Report: Europe recorded record solar output amid Covid-19 lockdowns

Output over the three-month period was 19% higher than the previous peak

The firm’s latest analysis of the European solar market concluded that solar output between April and June 2020 was 19% higher than output during the corresponding period in 2018, when the last peak was recorded.

Assessing the entire first half of the year, the market analyst firm concluded that generation totalled 68TWh, up from the 59TWh generated during the fist half of 2019. Data from 36 countries was assessed.

This spike in output is largely attributable to increased capacity installation after what has been described as “slowed” uptake. Europe’s capacity and output had been steadily rising since 2009, with a particular boom between 2009 and 2013, but had remained fairly steady between 2017 and 2019, according to EnAppSys data.

2020 has marked the beginning of a “resurgence” for Europe’s solar market, the firm said, following a string of cuts to subsidies. In the UK, the Feed-In-Tariffs (FITs) scheme and Renewables Obligation (RO) scheme both closed in 2017, causing a downturn which lasted around two years as the market pivoted to adapt. Similar subsidy regimes were cut completely or scaled back in Spain, France and Italy between 2017 and 2019.

In Germany, however, a previous mandate which would render all arrays which would take national capacity past 52GW ineligible for subsidies was removed in 2019.

“After cuts in subsidy regimes occurred across European markets, growth in build-out has since slowed, partly due to lower incentives and also influenced by reduced investor confidence in the reliability of existing schemes, EnAppSys said,

Solar boon?

Many nations have moved to ease planning restrictions in a bid to kick-start domestic economies in the wake of Covid-19, taking decisions which will have a knock-on effect for the solar sector, the EnAppSys report adds.

It concludes that the effect of these changes will compound the growing popularity of corporate power purchase agreements (PPAs), which have helped large installations come online without subsidies. Europe’s largest solar farm to date, Iberdrola’s 500MW Nuñez de Balboa facility in northern Spain, has PPAs with three corporations including Uvesco, for example.

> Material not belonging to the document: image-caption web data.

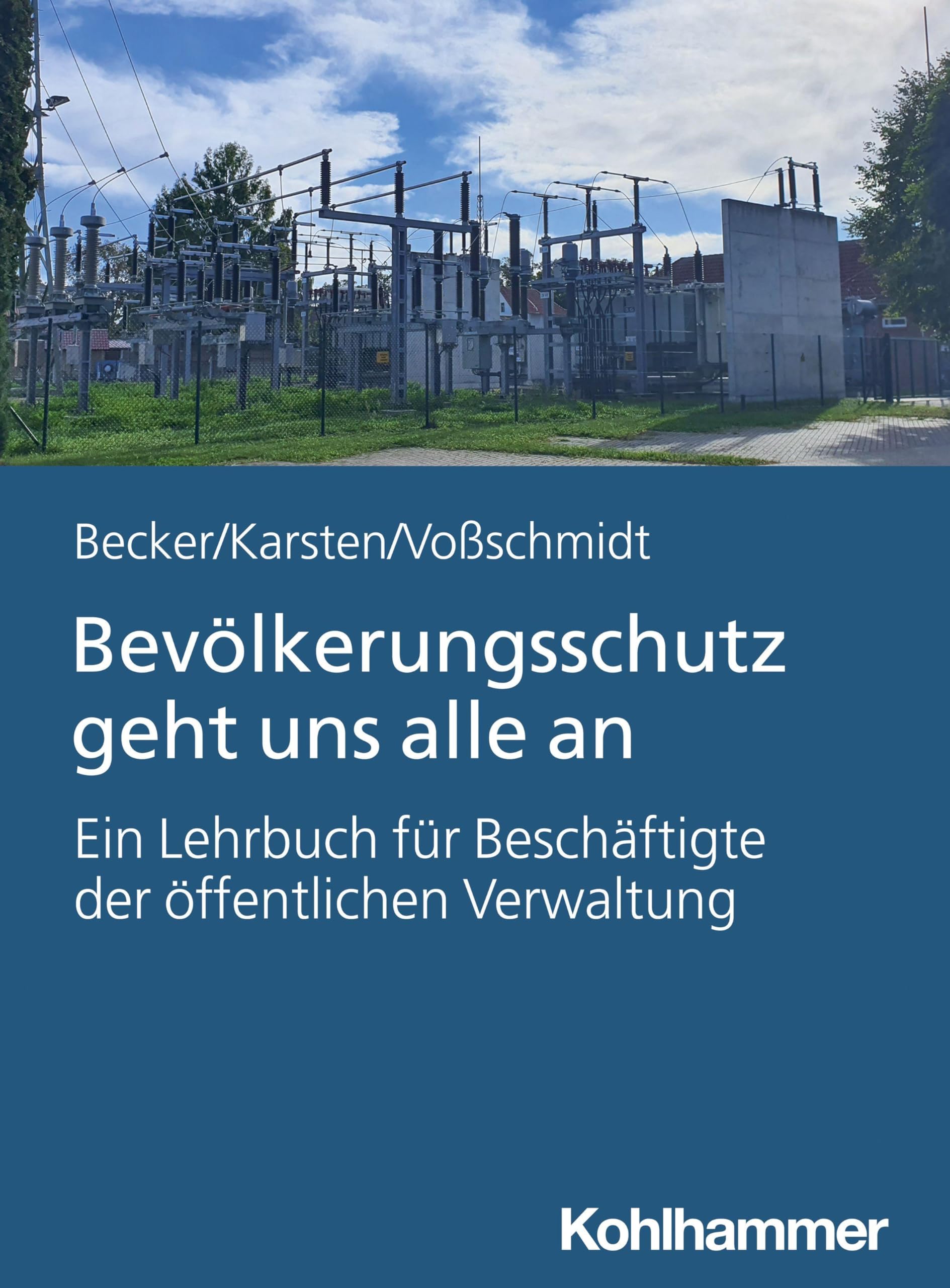 Bevölkerungsschutz geht uns alle an: Ein Lehrbuch für Beschäftigte der öffentlichen Verwaltung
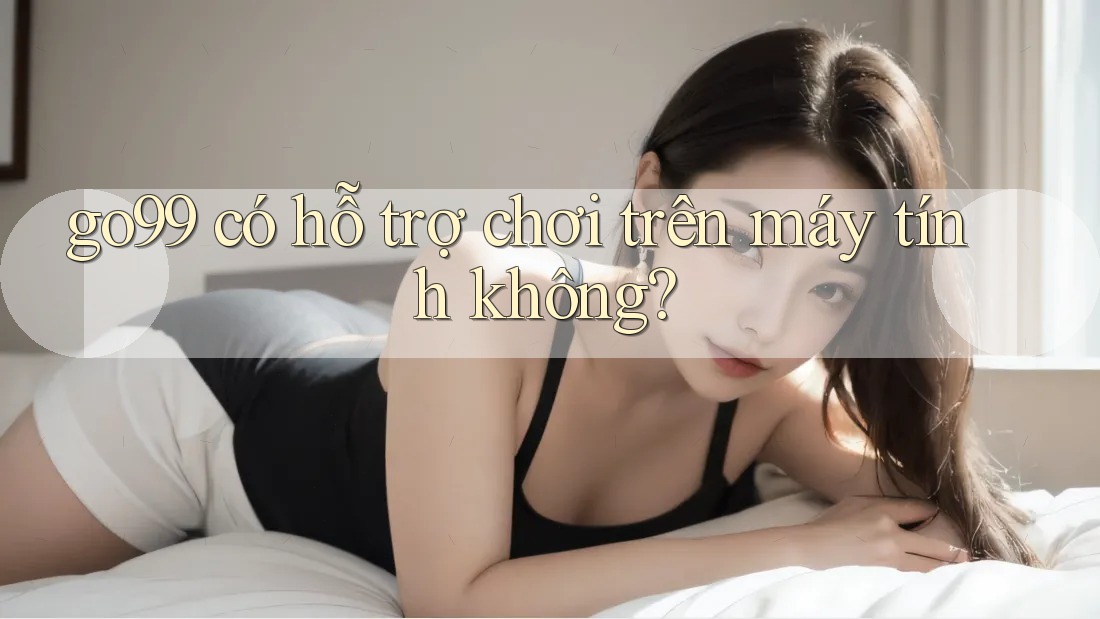 go99 có hỗ trợ chơi trên máy tính không? go99 có hỗ trợ chơi trên máy tính không?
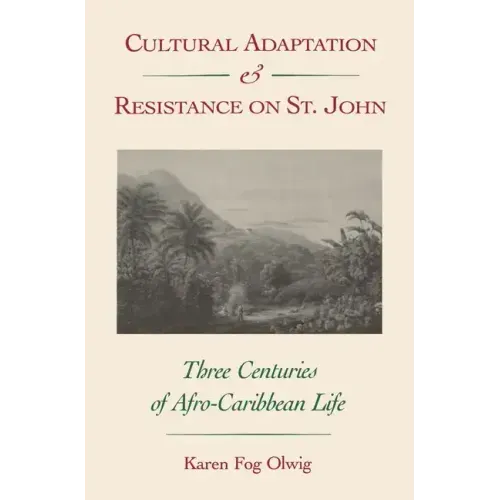 Cultural Adaptation and Resistance on St. John: Three Centuries of Afro-Caribbean Life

Ultimately, however, the cost of energy storage will need to fall as rapidly as the cost of generation for a “new dawn of solar expansion” to be realised in Europe, senior analyst Rob Lalor said.

According to 2019 analysis from Bloomberg NEF, battery prices have fallen 87% in real terms over the past decade, from $1,100 per kWh in 2010 to $156 per kWh. With these trends in mind, BNEF is forecasting that battery prices will fall below $100 per kWh in real terms by 2024 – the date by which it believes cumulative global demand will surpass 2TWh.